L’équitation doit être un plaisir, un moment agréable, satisfaisant, bénéfique, autant pour le cavalier que pour le cheval, même s’il s’agit d’un effort, même s’il y a eu discussion. Dans une bonne équitation respectueuse, il s’agit d’une vérité physiquement ressentie par le cheval comme par le cavalier. C’est l’éloignement de cette plénitude qui doit ête le premier signe d’alerte pour se remettre véritablement en question.
J’ai eu la chance de débuter avec une personne qui m’a tout de suite initié à une bonne philosophie équestre et à l’admiration du cheval, son respect, sa reconnaissance. J’étais un petite gamine et beaucoup de choses m’ont échappé à cette époque. Mais ce premier « maître » a su amorcer chez moi un certain ressenti, un regard particulier. Je lui en suis tellement reconnaissante. Ensuite j’ai atterrie en club et je me suis égarée dans ma pratique, obéissant à mes moniteurs mais j’avais tout le temps des doutes sur ce qu’on me disait. Les poneys et chevaux que je montais me renvoyaient un sentiment d’insatisfaction, même si je ne m’en sortais pas trop mal dans mon équitation, il y avait quelque chose de pourris dans mon royaume !

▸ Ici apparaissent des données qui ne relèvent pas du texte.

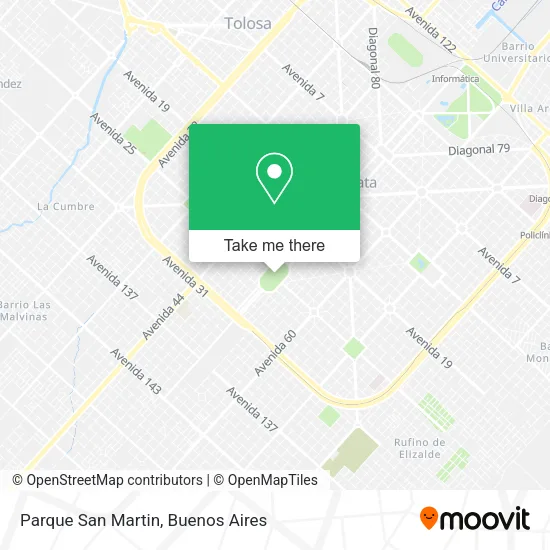 Mapa de Parque San Martin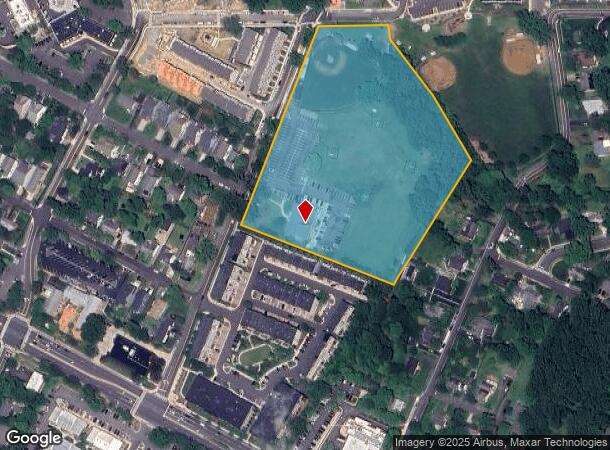 3939 Oak St, Fairfax, VA Parcel Map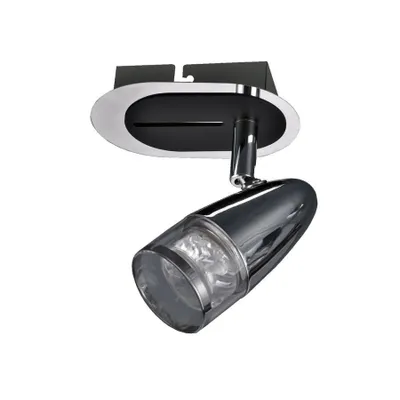 Zdjęcie produktu dla Spot LED ALBANE chromowany dymiony 4,3W Ciepła biel 360lm metal wym:14,5x11x7,5cm IP20 Italux
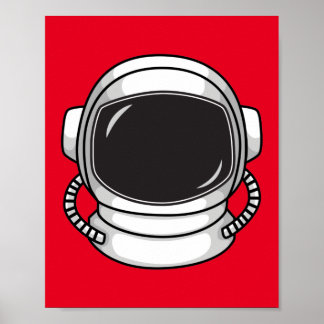 Poster capacete astronauta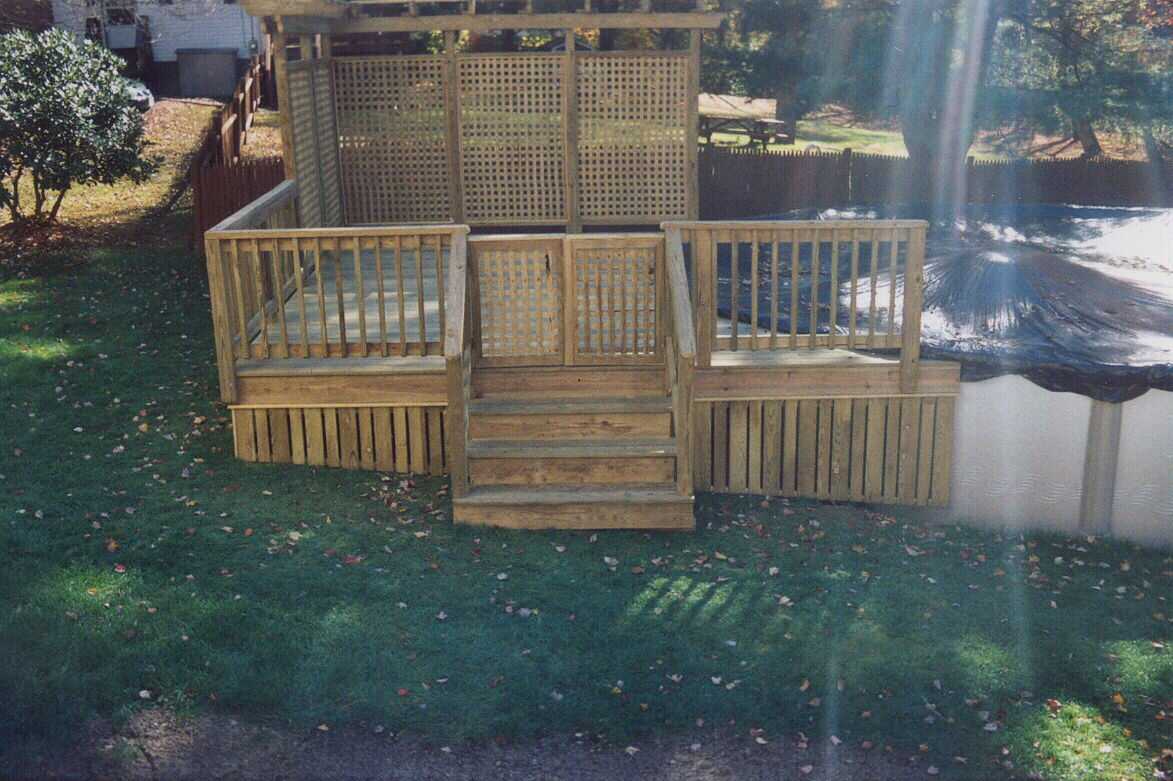 Screen, Pergola, stairs with gate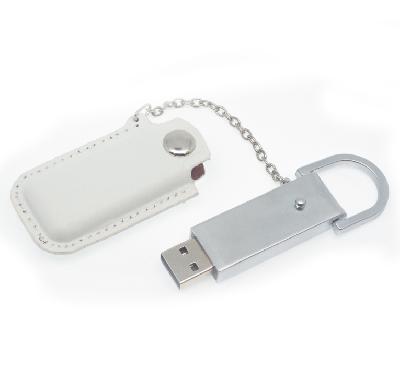 Флеш накопитель USB 2.0 Palermo в кожаном чехле 16GB, металл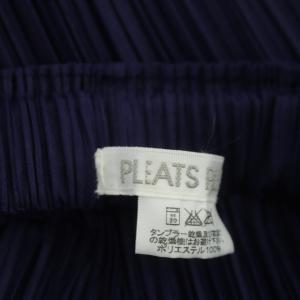 PLEATS PLEASE ISSEY MIYAKE イッセイミヤケ プリーツ加工 ロングスカート タイトスカート 2 紺 ネイビー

Au bout de quelques années, j’ai été trop écœurée, les choses ne me convenaient plus du tout, j’étais trop éloignée de ce à quoi j’avais été initié et qui était tellement plus en accord avec les chevaux et mon état d’esprit. Mais j’identifiais encore très mal les choses, je n’avais pas assez d’expérience, de technique, pas d’enseignement digne… J’ai arrêté, j’ai changé de crémerie, j’ai cherché ailleurs autrement, sans savoir trop quoi… j’étais ado.
Puis j’ai trouvé un club très atypique, avec un enseignant qui me ramenait vers les fondamentaux de ce que j’avais connu tout au début et une cavalerie comme on en trouve qu’exceptionnellement en club. Un bonne claque équestre mais un soulagement moral. J’ai commencé à avoir une culture équestre littéraire et une pratique cohérente avec ce que je lisais. Evidemment le cadre du club, même atypique, est limitant. J’ai cherché des enseignants particuliers, j’ai été me nourrir de tous les écuyers qui passaient à ma portée, ne serait-ce qu’en auditeur libre. A cheval, il y a des sensations qui ne trompent pas et surtout, Nuno a tellement raison d’inciter les cavaliers à se soumettre avec humilité au regard de leur chevaux une fois pied mis à terre !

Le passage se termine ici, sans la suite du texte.